The median debt gap between Pell and non-Pell graduates of University of Tulsa comes to $1,288.00. The Department of Education flags this school for a Pell-debt-inequity pattern.
The federal default-rate classification for University of Tulsa is Low (<5%).
| Window | Cohort default rate |
|---|---|
| 2-year | 5.6% |
To give some context for these rates, Stafford loans disbursed at University of Tulsa reach $354,630,527.00 over 11,117 loan recipients.
Veterans and active-duty students can access dedicated federal education aid including the GI Bill and Tuition Assistance from the Department of Defense.
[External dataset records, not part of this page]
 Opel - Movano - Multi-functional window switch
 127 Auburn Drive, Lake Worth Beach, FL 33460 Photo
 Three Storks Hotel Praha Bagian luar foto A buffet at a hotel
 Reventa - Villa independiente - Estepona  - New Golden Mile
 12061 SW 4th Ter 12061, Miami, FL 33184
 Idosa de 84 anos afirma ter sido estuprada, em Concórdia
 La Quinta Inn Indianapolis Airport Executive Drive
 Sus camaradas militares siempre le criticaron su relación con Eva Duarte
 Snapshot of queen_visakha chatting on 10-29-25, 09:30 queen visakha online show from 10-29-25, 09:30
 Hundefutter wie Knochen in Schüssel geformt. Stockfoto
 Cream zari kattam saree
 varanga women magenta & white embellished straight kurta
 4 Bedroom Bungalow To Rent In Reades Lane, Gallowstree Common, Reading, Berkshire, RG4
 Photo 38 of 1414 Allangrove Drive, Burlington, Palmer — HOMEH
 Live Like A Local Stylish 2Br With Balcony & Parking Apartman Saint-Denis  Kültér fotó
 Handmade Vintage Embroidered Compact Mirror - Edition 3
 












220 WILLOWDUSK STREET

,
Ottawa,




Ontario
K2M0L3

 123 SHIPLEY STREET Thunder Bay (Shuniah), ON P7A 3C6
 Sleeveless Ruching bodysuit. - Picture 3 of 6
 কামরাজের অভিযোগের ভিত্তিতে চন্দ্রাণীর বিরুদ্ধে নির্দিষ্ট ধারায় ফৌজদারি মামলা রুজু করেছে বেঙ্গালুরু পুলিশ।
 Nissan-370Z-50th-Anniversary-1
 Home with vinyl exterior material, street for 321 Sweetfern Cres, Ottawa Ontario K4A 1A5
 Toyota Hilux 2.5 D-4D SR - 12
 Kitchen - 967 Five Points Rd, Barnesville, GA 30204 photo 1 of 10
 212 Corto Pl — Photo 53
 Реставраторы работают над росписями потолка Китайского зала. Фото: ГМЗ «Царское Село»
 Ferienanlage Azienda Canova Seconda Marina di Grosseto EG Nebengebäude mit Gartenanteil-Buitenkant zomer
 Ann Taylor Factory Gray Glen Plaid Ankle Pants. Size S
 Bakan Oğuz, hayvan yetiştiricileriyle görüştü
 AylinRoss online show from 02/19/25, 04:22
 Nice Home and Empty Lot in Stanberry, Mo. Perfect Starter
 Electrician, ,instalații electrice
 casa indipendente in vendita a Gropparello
| GI Bill recipients | 52 |
| Avg GI Bill amount | $17,840.00 |
Dig into veteran education benefits on the veteran aid breakdown.
Use the figures above as a launch point, then think through University of Tulsa, the questions below are worth your time:
Use the pages below to go deeper on a specific part of the cost story:
Data sources. Figures on this page draw from the U.S. Department of Education College Scorecard, the Integrated Postsecondary Education Data System (IPEDS), and MediaFactual editorial review. Net-price calculator and financial-aid office links are taken from the institution’s own published data.